[Life of Cicero by Anthony Trollope]@TWC D-Link bookLife of Cicero CHAPTER VII 19/43
He gives further commissions as to statues, and declares of his Tusculan villa that he is happy only when he is there. In the third letter he promises that he will be ready to pay one Cincius L170 on a certain day, the price probably of more statues, and gives orders to his friend as to the buying of books.
"All my prospect of enjoying myself at my ease depends on your goodness." These were the letters he wrote when he had just ceased to be AEdile. From the next two years five letters remain to us, chiefly noticeable from the continued commissions given by Cicero to Atticus for statues. Statues and more statues are wanted as ornaments for his Tusculanum. Should there be more than are needed for that villa, he will begin to decorate another that he has, the Formianum, near Caieta.

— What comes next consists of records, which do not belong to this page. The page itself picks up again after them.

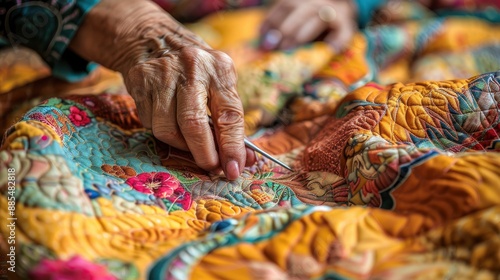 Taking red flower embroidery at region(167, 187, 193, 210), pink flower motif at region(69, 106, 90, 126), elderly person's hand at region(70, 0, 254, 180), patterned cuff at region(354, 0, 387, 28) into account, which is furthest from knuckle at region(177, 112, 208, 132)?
patterned cuff at region(354, 0, 387, 28)

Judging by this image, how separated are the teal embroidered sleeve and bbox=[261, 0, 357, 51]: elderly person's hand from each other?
66 centimetres

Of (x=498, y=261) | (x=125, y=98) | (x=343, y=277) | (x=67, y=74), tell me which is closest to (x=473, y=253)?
(x=498, y=261)

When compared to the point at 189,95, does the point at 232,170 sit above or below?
below

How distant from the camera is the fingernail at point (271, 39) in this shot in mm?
1533

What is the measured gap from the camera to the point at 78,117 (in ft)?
2.95

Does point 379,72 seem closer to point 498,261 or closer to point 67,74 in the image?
point 67,74

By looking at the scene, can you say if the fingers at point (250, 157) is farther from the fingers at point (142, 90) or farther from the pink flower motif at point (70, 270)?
the pink flower motif at point (70, 270)

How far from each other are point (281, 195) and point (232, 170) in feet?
0.31

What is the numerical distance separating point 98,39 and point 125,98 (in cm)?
14

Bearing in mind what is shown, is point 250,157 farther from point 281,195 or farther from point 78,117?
point 78,117

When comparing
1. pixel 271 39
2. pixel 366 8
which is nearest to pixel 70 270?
pixel 271 39

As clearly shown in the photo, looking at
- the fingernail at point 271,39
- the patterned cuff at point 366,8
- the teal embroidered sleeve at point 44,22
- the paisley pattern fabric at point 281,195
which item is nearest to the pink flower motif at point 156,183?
the paisley pattern fabric at point 281,195

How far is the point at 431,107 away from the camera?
2.74 ft

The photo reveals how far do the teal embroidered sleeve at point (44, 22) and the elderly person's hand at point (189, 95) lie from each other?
0.53 ft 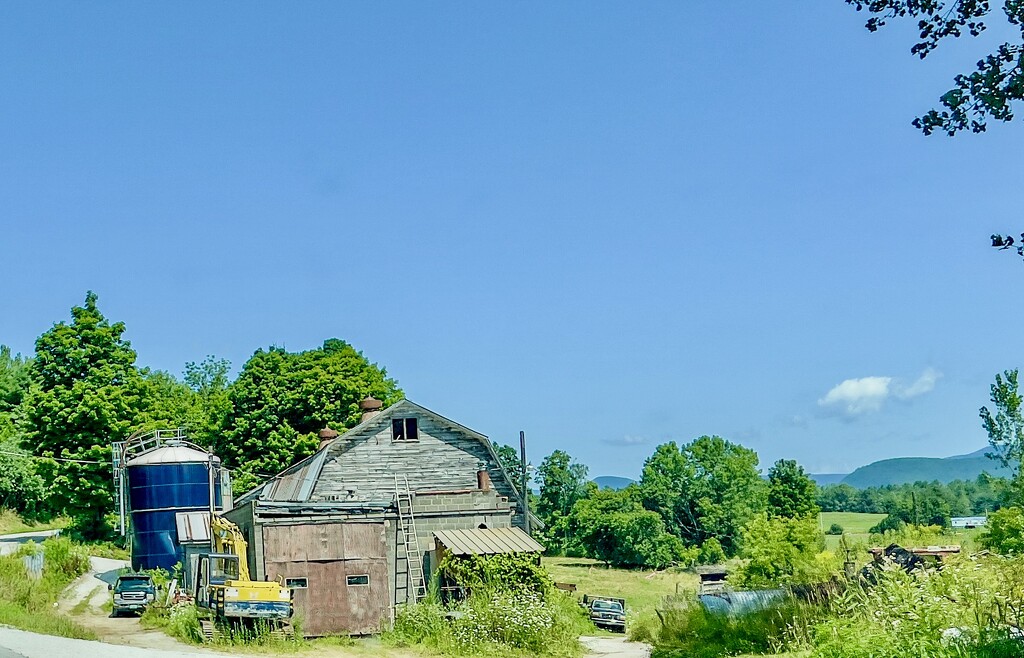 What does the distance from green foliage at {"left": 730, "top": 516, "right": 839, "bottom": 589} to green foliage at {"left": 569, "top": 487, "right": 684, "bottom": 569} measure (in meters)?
28.1

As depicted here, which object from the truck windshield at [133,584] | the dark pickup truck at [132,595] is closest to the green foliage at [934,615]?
the dark pickup truck at [132,595]

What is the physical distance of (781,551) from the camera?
3900 cm

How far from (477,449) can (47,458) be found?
2523cm

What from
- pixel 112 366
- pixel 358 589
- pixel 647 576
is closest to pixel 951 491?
pixel 647 576

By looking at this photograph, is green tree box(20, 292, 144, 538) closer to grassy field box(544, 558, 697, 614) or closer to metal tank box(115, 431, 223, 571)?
metal tank box(115, 431, 223, 571)

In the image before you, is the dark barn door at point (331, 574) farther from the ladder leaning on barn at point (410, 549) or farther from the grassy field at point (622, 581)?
the grassy field at point (622, 581)

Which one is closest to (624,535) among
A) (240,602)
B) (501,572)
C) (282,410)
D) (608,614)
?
(282,410)

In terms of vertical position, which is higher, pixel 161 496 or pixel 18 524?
pixel 161 496

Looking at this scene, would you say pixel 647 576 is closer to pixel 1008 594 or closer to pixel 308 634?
pixel 308 634

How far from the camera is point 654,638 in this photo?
83.8ft

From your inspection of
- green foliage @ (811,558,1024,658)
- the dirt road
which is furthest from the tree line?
green foliage @ (811,558,1024,658)

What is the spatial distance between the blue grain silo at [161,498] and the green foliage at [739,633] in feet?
64.8

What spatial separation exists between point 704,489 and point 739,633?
63848mm

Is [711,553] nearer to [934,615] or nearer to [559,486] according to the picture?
[559,486] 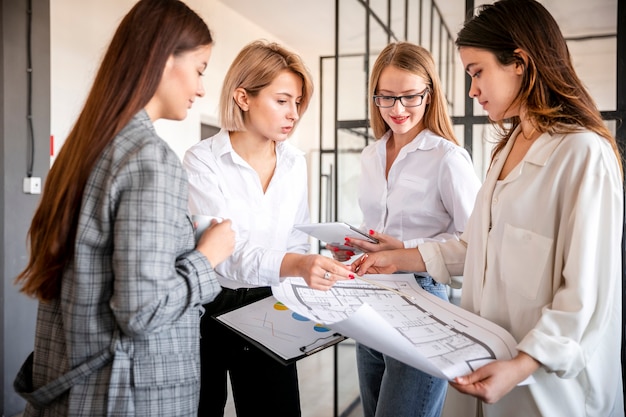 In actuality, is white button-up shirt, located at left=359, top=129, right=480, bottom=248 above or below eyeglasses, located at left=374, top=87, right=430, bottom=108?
below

He wants whatever Atticus may think proper for his "palaestra" and "gymnasium." Atticus has a library or collection of maps for sale, and Cicero engages to buy them, though it seems that he has not at present quite got the money.
He reserves, he says, all his little comings-in, "vindemiolas"-- what he might make by selling his grapes as a lady in the country might get a little income from her spare butter--in order that he may have books as a resource for his old age.
Again, he bids Atticus not to be afraid but what he, Cicero, will be able to buy them some day--which if he can do he will be richer than Crassus, and will envy no one his mansions or his lawns.